The occasion for the book, which told the stories of three Japanese dissenters, was the death of Emperor Hirohito in 1989, treated with amoral reverence by Japan’s media so that Hirohito, who many felt bore special responsibility for the worst events that unfolded in the waning days of World War II, could be posthumously transformed into a symbol of peaceful postwar prosperity. This lurch toward amnesia alarmed Field’s colleagues as much as it did her, yet she was one of only two U.S. scholars who traveled to Japan at length to witness and object.
Her nuclear course would persist: Norma taught it every other year after 2004 and consecutively in 2011 and 2012. Her attraction to work more socially urgent than academically fashionable has also persisted: She has made the revival of Japanese proletarian literature her late-career project in spite of the criticism this has exposed her to.

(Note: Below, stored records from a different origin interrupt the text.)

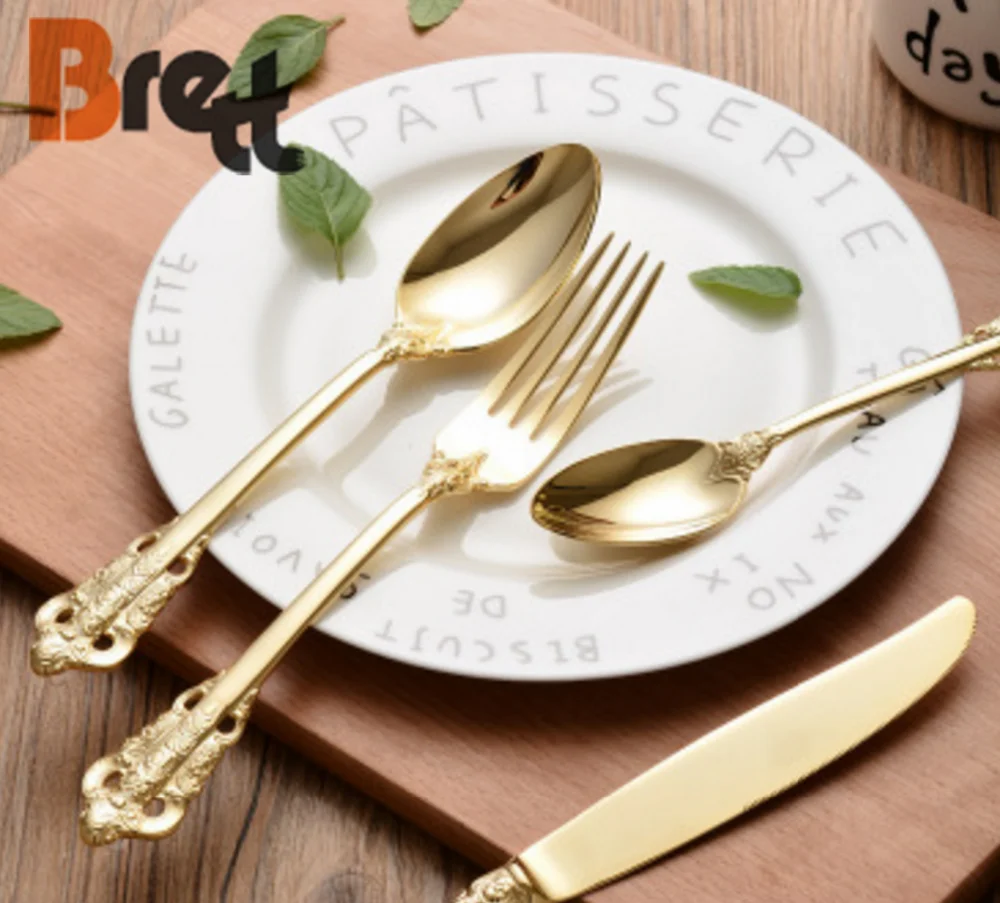 Royal 18/10 позолоченные титановые столовые приборы из нержавеющей стали оптом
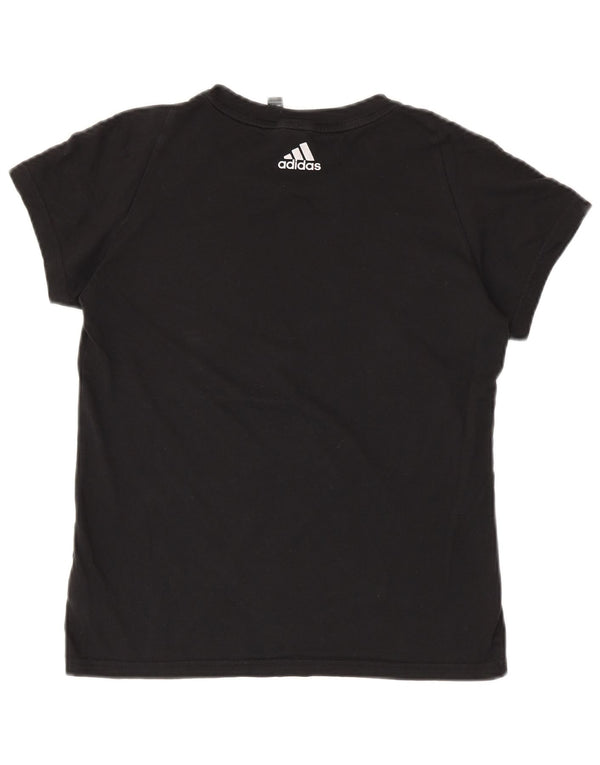T-shirt grafica da donna ADIDAS Top UK 8/10 piccola in cotone nero
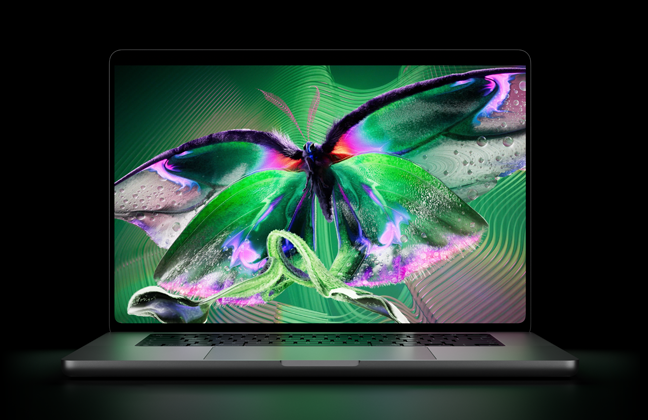 MacBook Pro with PROLED XDR Display, open lid, silver colour, display shows detailed, high-contrast image with vivid colours, screen illuminates keyboard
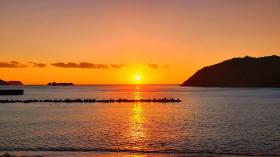 すはら海岸の夕日が目の前
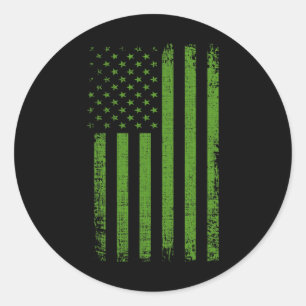 Health Awareness Usa Flag Green Flag  Classic Round Sticker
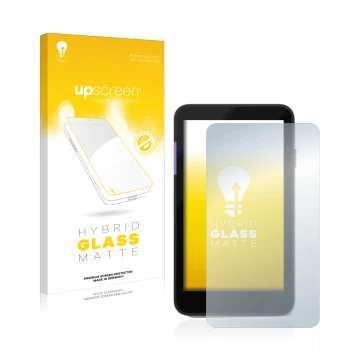 Parte frontale di una confezione del prodotto con il logo del marchio upscreen. Accanto è raffigurato il dispositivo Zettle Te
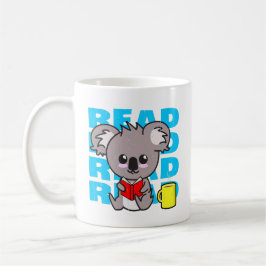 Läs: Cute Koala Reading Bok & Coffee Mugg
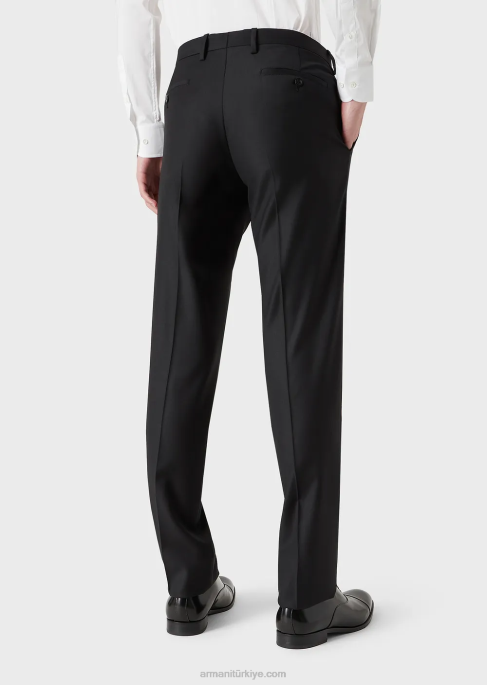 erkekler Armani kamgarn bakir yün, buruşuk pantolon siyah T8HD1450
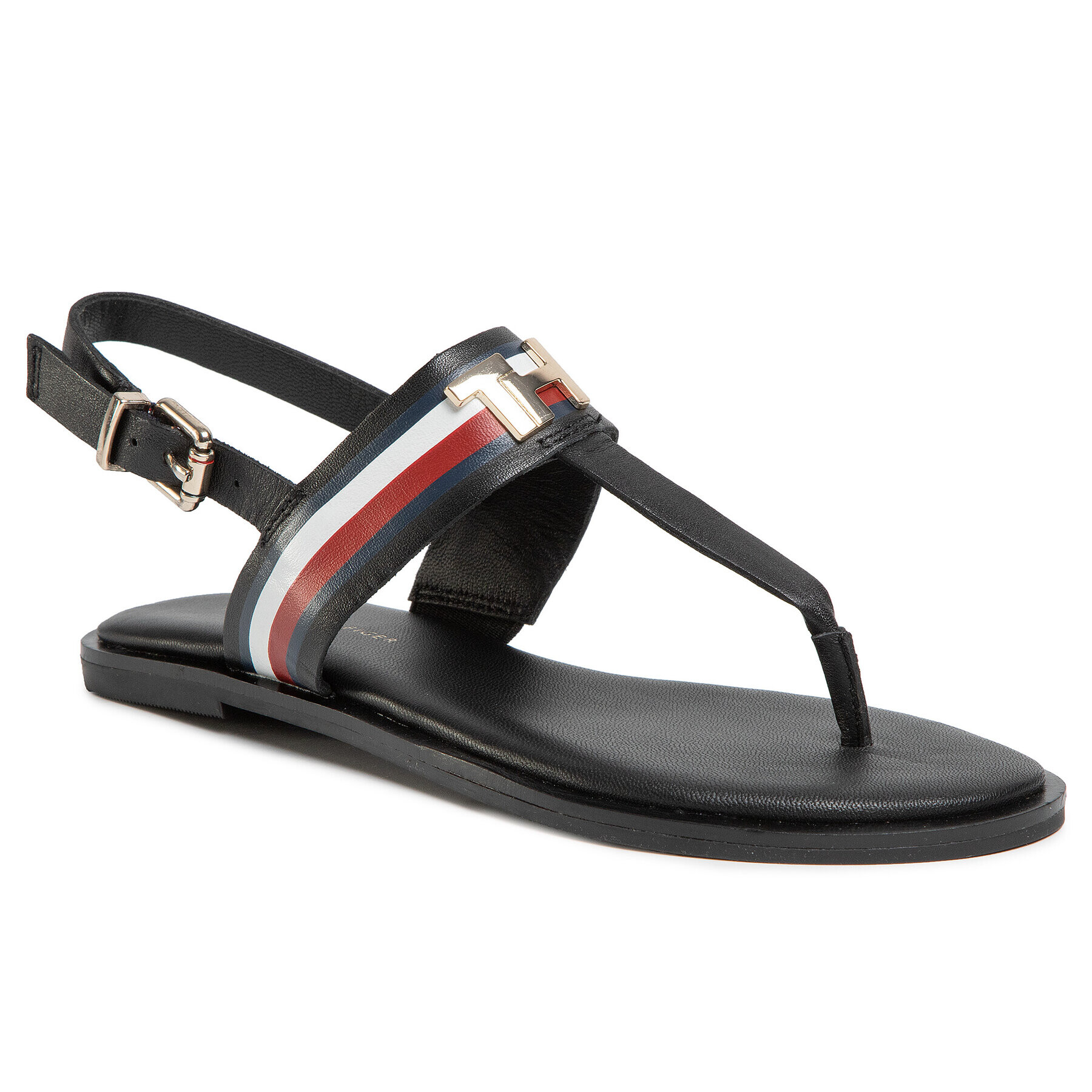 Tommy Hilfiger Sandale Corporate Letaher Fat Sandal FW0FW04840 Negru - Pled.ro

“An attraction to extreme events has separated me from other people,” Field told me during an interview in her office at the University of Chicago, half-emptied pending her retirement. “A colleague once told me he didn’t want to be attached to lost causes. I’ve never understood thinking like that. The bright spots in human history are so few. We should embrace and magnify them.”
The experiences that shaped Field’s leftist, anti-nuclear sentiments began in early childhood: Her American father and Japanese mother arguing about U.S. atmospheric nuclear testing at the breakfast table; the many ironies and prejudices presented by her education, first on a U.S. military base in Japan, and later at a prestigious international school; and her earliest memory of the acute foreboding that would later characterize her adult consciousness of inhabiting a nuclear era, experienced as a sudden awareness of human life’s fragility and evanescence on the occasion of a childhood fever.
Over decades of atom-watching, Field has approached her work as a decidedly public intellectual — speaking, organizing symposia, writing and teaching. She treated her retirement no differently, dismissing the notion of a retirement symposium organized as a retrospective of her work. Instead, Field invited some of Japan’s leading intellectuals and activists — particularly those with something to say about Fukushima — to Chicago, where they spoke on the first anniversary of 3/11, foregoing opportunities to speak at larger events in Japan.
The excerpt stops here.